■ THE TASK ■
For the records below, reproduce exactly the line that contains "Homeiju Shoe Storage" and all subsequent lines, with nothing left out and nothing added.

■ DATA LISTING ■
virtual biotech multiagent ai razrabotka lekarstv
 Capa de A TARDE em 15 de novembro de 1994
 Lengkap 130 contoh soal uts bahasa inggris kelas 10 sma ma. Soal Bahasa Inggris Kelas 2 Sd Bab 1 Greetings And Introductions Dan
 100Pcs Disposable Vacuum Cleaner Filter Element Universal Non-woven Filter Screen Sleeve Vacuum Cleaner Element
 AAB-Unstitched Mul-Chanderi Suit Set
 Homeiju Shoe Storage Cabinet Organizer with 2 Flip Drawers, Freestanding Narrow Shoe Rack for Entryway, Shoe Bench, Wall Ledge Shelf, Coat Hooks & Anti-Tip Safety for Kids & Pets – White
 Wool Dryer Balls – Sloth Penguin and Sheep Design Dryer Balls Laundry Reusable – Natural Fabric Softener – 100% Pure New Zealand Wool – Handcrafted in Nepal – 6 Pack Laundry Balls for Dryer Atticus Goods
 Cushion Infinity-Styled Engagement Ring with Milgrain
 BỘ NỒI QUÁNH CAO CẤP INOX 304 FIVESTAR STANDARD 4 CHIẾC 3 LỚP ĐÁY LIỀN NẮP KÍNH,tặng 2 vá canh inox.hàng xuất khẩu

■ COMPLETED TASK ■
 Homeiju Shoe Storage Cabinet Organizer with 2 Flip Drawers, Freestanding Narrow Shoe Rack for Entryway, Shoe Bench, Wall Ledge Shelf, Coat Hooks & Anti-Tip Safety for Kids & Pets – White
 Wool Dryer Balls – Sloth Penguin and Sheep Design Dryer Balls Laundry Reusable – Natural Fabric Softener – 100% Pure New Zealand Wool – Handcrafted in Nepal – 6 Pack Laundry Balls for Dryer Atticus Goods
 Cushion Infinity-Styled Engagement Ring with Milgrain
 BỘ NỒI QUÁNH CAO CẤP INOX 304 FIVESTAR STANDARD 4 CHIẾC 3 LỚP ĐÁY LIỀN NẮP KÍNH,tặng 2 vá canh inox.hàng xuất khẩu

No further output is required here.